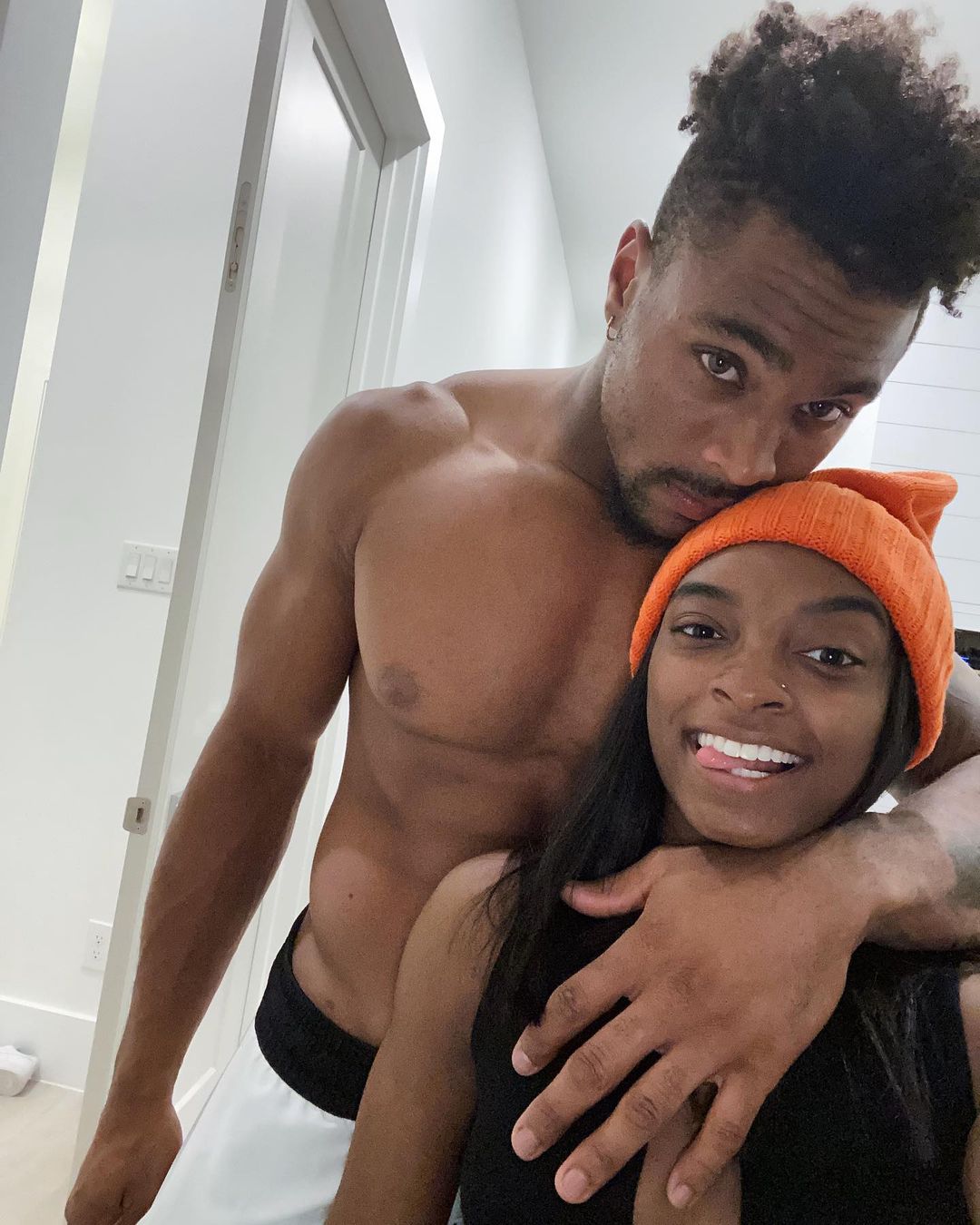 Simone-Biles-Jonathan-Owens-Cutest-Photos-11.jpg?fit=800%2C1000&quality=86&strip=all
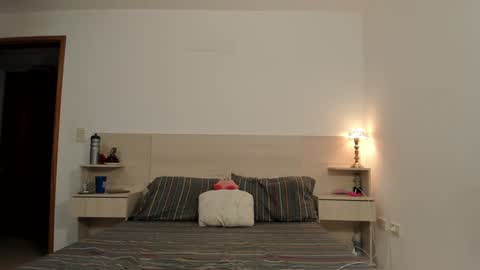 Amancay online show from January 21, 2025, 11:24 pm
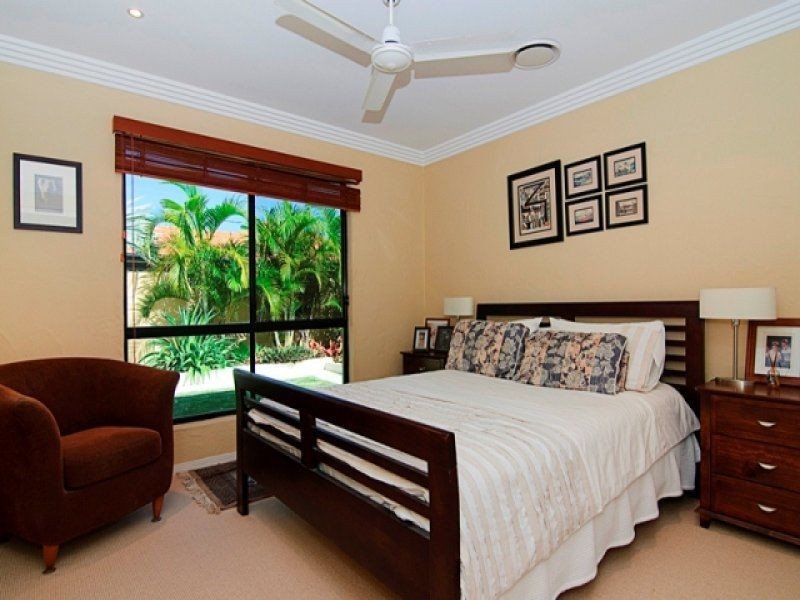 15 Waterside Esplanade, Helensvale QLD 4212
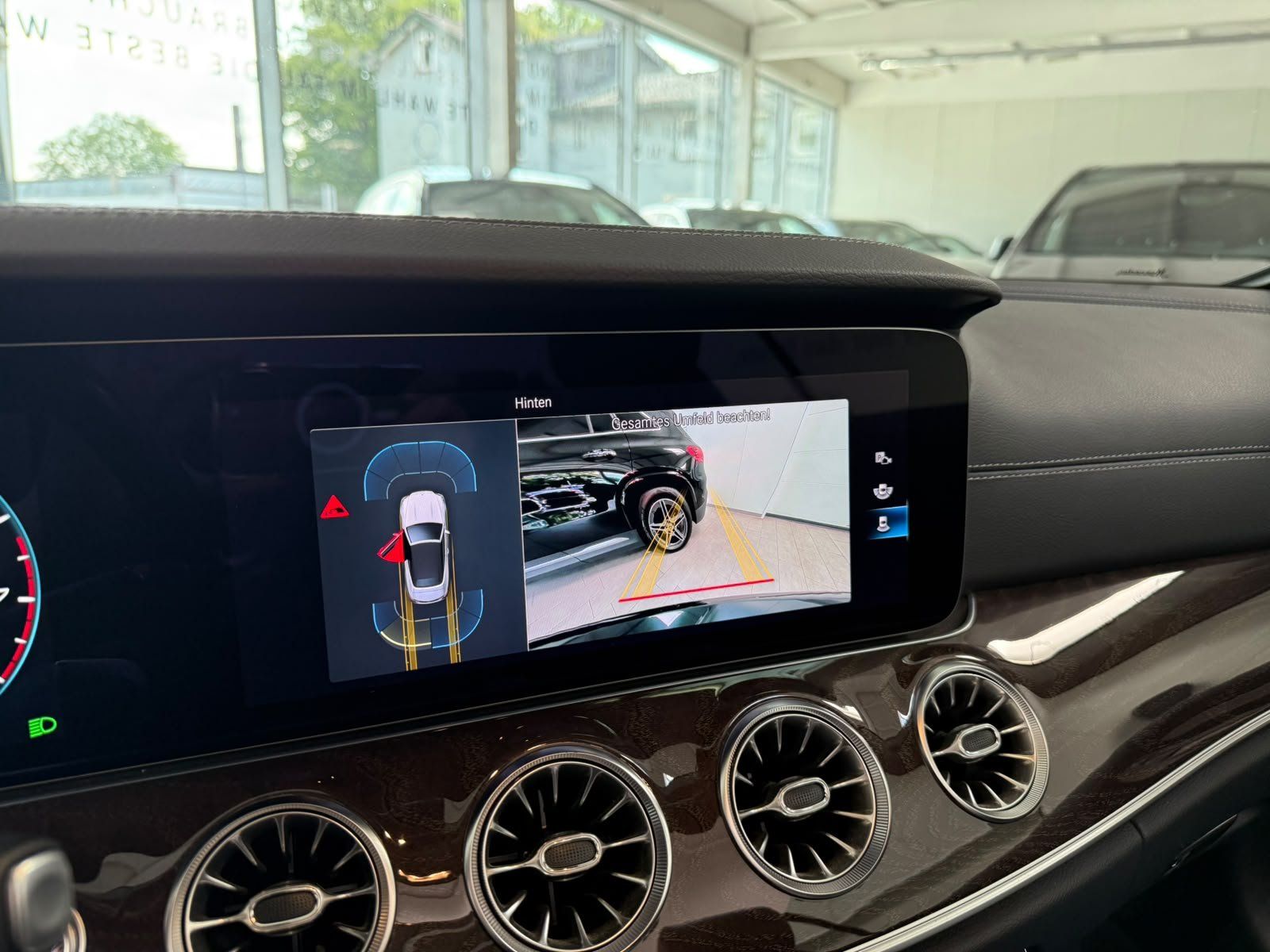 Fahrzeugabbildung Mercedes-Benz E 200 Cabrio BURMES+MEMORY+KAMERA+TOTW.+CARPLAY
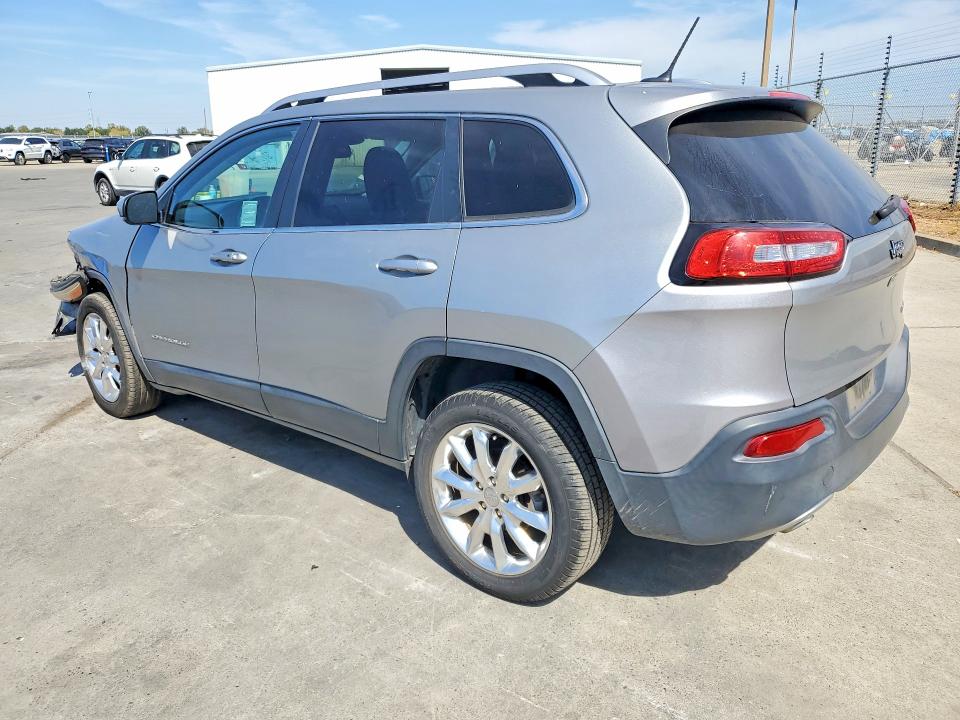 70168426 :رقم المزاد ، 1C4PJLDB4FW765842 vin ، 2015 Jeep Cherokee مزاد بيع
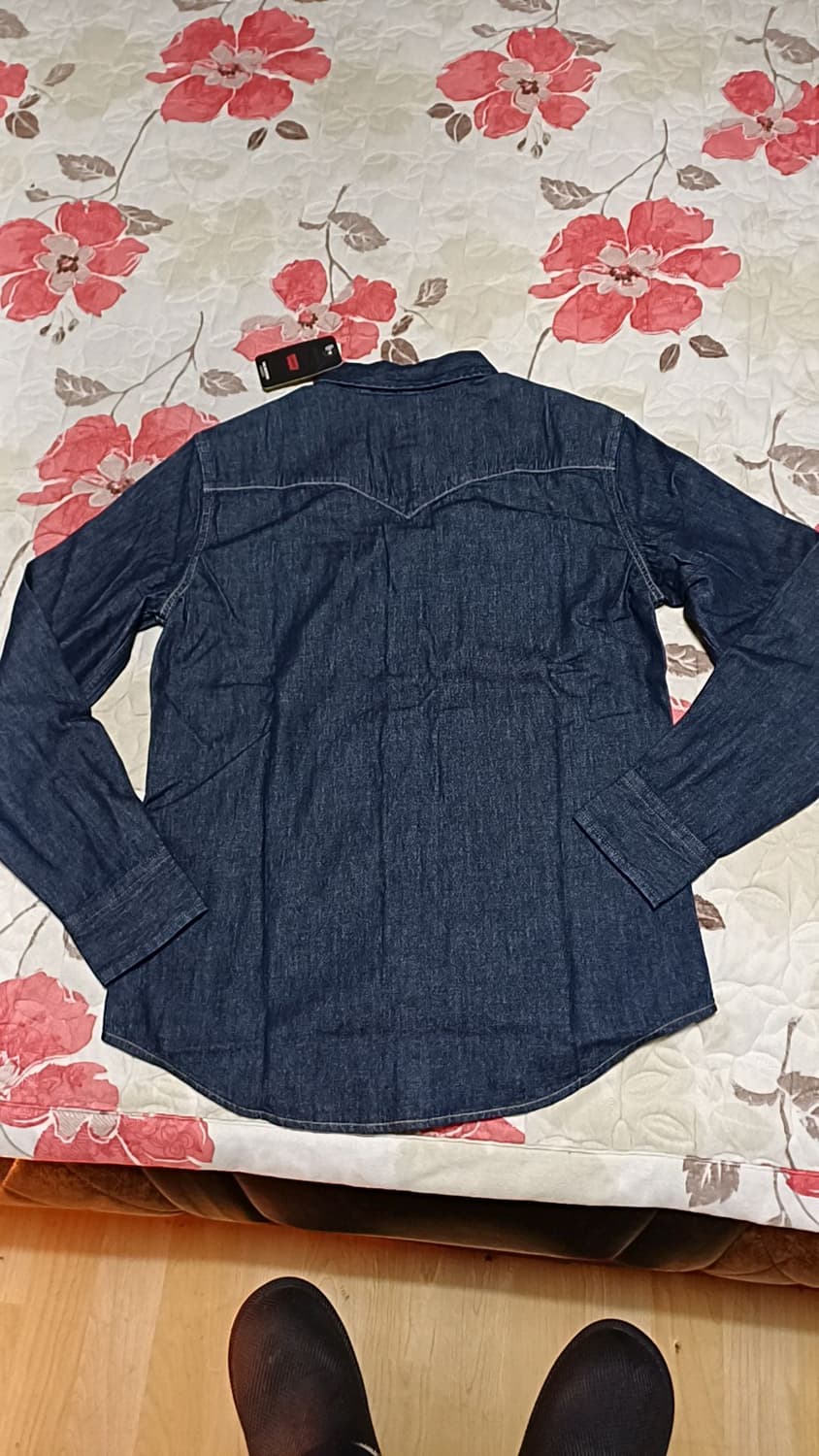 리바이스 미사용 데님셔츠 남녀공용90 가슴51 기장72 상품이미지6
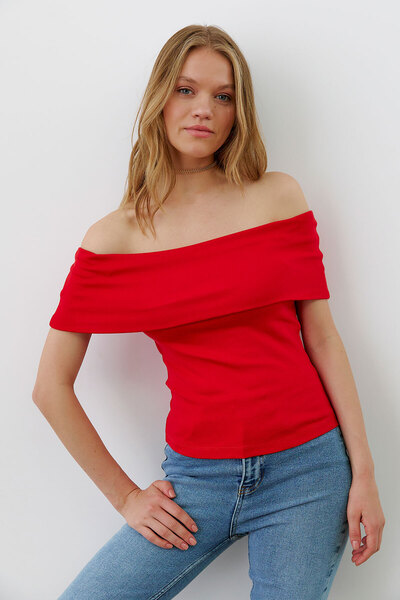 urban focus Low Shoulder T-Shirt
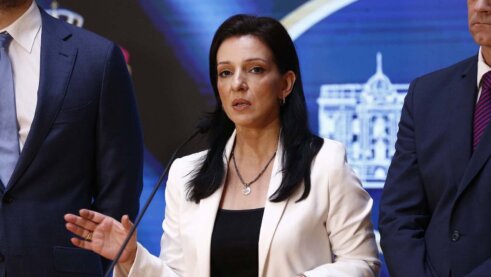 Kome koristi prepucavanje na relaciji Marinika Tepić-Savo Manojlović: Naprednjaci zadovoljno trljaju ruke 3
*****
What is expected
Line for line, restate the data above and omit every picture.

Solved problem
 Simone-Biles-Jonathan-Owens-Cutest-Photos-11.jpg?fit=800%2C1000&quality=86&strip=all
 Amancay online show from January 21, 2025, 11:24 pm
 15 Waterside Esplanade, Helensvale QLD 4212
 Fahrzeugabbildung Mercedes-Benz E 200 Cabrio BURMES+MEMORY+KAMERA+TOTW.+CARPLAY
 70168426 :رقم المزاد ، 1C4PJLDB4FW765842 vin ، 2015 Jeep Cherokee مزاد بيع
 리바이스 미사용 데님셔츠 남녀공용90 가슴51 기장72 상품이미지6
 urban focus Low Shoulder T-Shirt
 Kome koristi prepucavanje na relaciji Marinika Tepić-Savo Manojlović: Naprednjaci zadovoljno trljaju ruke 3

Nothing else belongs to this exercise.